Coloring Concrete Options: Concrete Overlay, Stains and Dyes
Typical gray concrete can leave areas of a property blending into its surroundings, making them boring and dull to look at. To draw some attention, or create a visual landmark, adding color to your concrete surfaces is a great way to catch someone’s eye and beautify a property. Combining colors can create a range of effects, from bold to serene. Applying a concrete overlay product on your home’s boring gray concrete surface are a fantastic way to change the look of your home’s concrete floors.
Concrete Overlay Color Charts Guidance
Almost all resurfacing material manufacturers provide a wide selection of concrete colors. From spray-down toppings, to skim coats and self-leveling overlays, there will be either color charts, to sample chips to narrow down your concrete color choice options. It is important to make sure you are using the charts that show what the color will look like with the exact product you are planning to use as color intensity may vary.

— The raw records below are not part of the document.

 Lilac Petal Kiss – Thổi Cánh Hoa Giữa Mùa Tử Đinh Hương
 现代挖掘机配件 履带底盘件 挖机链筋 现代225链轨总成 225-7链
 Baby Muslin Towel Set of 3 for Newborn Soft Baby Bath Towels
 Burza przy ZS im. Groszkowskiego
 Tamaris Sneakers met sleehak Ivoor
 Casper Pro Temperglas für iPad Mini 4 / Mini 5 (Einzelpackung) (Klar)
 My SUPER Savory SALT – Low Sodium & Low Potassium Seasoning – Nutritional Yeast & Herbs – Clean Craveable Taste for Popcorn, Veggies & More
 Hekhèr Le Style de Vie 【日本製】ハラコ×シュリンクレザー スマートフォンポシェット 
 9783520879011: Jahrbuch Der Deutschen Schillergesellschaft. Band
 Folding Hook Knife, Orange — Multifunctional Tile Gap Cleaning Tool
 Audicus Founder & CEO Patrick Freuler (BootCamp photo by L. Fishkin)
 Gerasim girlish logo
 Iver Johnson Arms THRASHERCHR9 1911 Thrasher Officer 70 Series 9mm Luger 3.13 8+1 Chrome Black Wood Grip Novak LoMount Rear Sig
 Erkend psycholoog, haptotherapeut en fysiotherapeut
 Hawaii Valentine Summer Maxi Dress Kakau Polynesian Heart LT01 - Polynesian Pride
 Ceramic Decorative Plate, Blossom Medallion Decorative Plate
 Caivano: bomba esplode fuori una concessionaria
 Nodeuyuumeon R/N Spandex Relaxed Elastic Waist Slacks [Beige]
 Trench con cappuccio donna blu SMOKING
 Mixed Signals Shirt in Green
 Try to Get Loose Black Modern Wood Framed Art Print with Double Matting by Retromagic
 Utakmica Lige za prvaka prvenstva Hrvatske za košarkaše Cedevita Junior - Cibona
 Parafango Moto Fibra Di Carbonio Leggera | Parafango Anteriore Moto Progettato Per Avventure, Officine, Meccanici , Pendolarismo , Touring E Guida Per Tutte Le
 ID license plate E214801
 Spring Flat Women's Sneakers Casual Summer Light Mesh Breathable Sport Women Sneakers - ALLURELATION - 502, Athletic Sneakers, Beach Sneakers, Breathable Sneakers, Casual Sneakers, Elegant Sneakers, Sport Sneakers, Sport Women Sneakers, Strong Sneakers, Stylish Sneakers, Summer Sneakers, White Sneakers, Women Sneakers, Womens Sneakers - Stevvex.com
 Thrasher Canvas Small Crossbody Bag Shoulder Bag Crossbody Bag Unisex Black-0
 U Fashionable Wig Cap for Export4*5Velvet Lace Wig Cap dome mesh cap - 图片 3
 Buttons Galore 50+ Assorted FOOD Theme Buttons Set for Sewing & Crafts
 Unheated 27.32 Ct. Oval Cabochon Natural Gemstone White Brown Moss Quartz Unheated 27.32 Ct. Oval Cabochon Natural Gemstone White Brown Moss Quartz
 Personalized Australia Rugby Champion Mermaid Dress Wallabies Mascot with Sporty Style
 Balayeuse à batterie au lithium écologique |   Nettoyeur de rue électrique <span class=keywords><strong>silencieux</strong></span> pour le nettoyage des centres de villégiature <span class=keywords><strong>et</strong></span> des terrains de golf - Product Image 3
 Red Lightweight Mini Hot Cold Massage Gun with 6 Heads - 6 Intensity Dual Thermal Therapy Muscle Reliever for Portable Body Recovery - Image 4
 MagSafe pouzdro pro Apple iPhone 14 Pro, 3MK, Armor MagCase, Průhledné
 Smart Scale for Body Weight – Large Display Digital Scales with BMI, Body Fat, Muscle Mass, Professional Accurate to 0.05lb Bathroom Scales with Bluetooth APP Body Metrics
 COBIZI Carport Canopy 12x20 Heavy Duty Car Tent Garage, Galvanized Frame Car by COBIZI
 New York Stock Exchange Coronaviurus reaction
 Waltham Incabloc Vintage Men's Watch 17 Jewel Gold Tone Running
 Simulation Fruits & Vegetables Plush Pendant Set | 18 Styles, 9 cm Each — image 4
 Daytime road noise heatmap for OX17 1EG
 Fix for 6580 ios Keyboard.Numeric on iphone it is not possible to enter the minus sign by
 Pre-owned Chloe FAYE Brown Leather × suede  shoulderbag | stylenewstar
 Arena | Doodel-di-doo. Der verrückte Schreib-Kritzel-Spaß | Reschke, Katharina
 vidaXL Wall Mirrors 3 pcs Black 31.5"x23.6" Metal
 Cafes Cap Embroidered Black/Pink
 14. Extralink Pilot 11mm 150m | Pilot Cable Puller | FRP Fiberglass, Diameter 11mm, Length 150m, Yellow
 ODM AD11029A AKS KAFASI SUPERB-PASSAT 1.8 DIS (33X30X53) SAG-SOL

Pre-colored concrete overlay systems can be very helpful
Colors for surface toppings are typically accomplished by adding either liquid, or dry pigmentation. Luckily, some come pre-colored, so you don’t have to work so hard to get the shade just right with measuring out the pigment. This is also great because you can also be assured that the color will be consistent throughout. Most manufacturers who supply pre-colored options have a broad selection of standard colors, and some may even offer custom color matching.
There are some overlay systems that do not offer pre-colored options. In this case, you will have to mix in the liquid or dry pigments in for yourself. Manufacturers have tried to help make this easier by packaging the pigments in pre-measured quantities. This will ensure the colors consistency and accuracy by simplifying the dosing process. Some may offer formulas to help you achieve different hues within the range. For example, you may only add ⅓ of a cup of pigment to each bucket for a more subtle color, and an entire cup of pigment to create a much bolder statement. Others will have the exact amount packaged for you and ready to go, just add the entire amount provided and mix.
When you prepare to add your color to your overlay product, it is recommended that you proceed in this order. First, add the pigment into the liquid component you will be using (typically polymer or water) for your overlay product before you add the powdered component. Measure the right amount of liquid and put it in a bucket or something that can be used for mixing. Next, the pigment goes in. It is important to mix them together with a paddle mixer until the pigment is distributed evenly throughout the liquid before adding the powdered overlay component. Continue mixing until you achieve a smooth mixture to prevent streaks or clumps.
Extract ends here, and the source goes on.